Brytyjska policja we współpracy z polskimi funkcjonariuszami zatrzymała sześć osób podejrzanych o handel ludźmi i wyłudzanie pieniędzy. Zatrzymani to głównie obywatele polscy. W akcji brało udział około stu funkcjonariuszy.
Przestępcy mieli wykorzystywać osoby z kłopotami finansowymi, często obywateli Polski. Obiecywano im dobrze płatną pracę na Wyspach - zamiast tego organizowano fikcyjne zatrudnienie, za które przestępcy wyłudzali świadczenia socjalne. Brytyjski skarb państwa w ten sposób miał stracić kilka milionów funtów.
Według Mariusza Ciarki z Komendy Głównej Policji, działania grupy wyczerpują znamiona "handlu ludźmi". Rzecznik Komendy Głównej dodaje, że handel ludźmi jest jednym z największych wyzwań, przed którym stoją służby na całym świecie.

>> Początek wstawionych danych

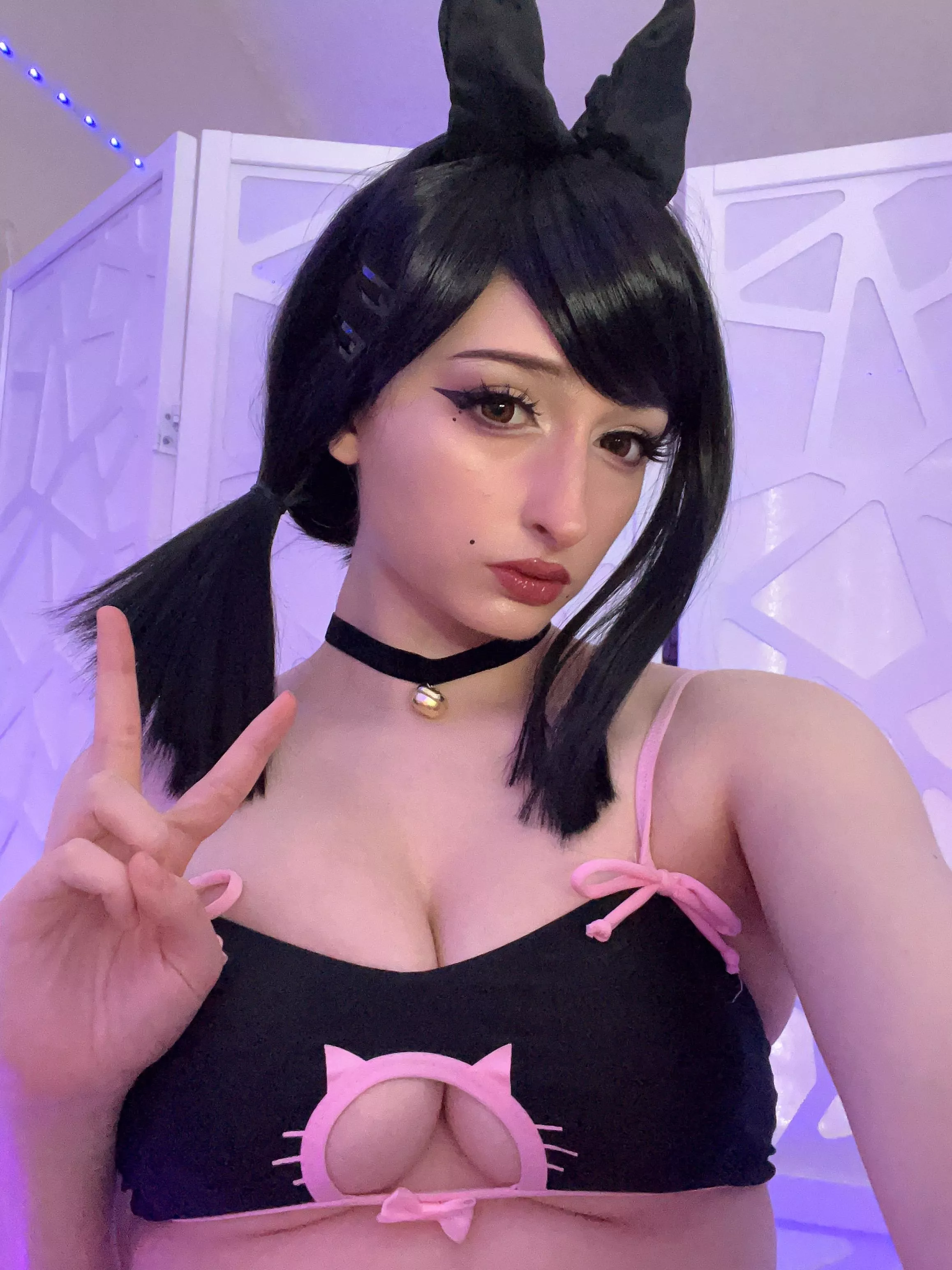 Me as Cat Kobeni from Chainsaw Man posted by Cplaya_2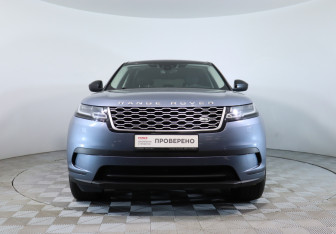 Подержанный автомобиль Land Rover Range Rover Velar 2019 года (2 фото)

- Każdemu kojarzy się to tylko ze sprzedażą osób do agencji towarzyskich, ale mówimy tutaj również o niewolniczej pracy, o wyłudzaniu świadczeń socjalnych- wyjaśnia Mariusz Ciarka. Dodaje, że handel ludźmi to trzeci jeśli chodzi o duże zyski proceder grup przestępczych, obok sprzedaży narkotyków i broni.
W Wielkiej Brytanii za handel ludźmi grozi nawet dożywocie. W Polsce - do 15 lat więzienia.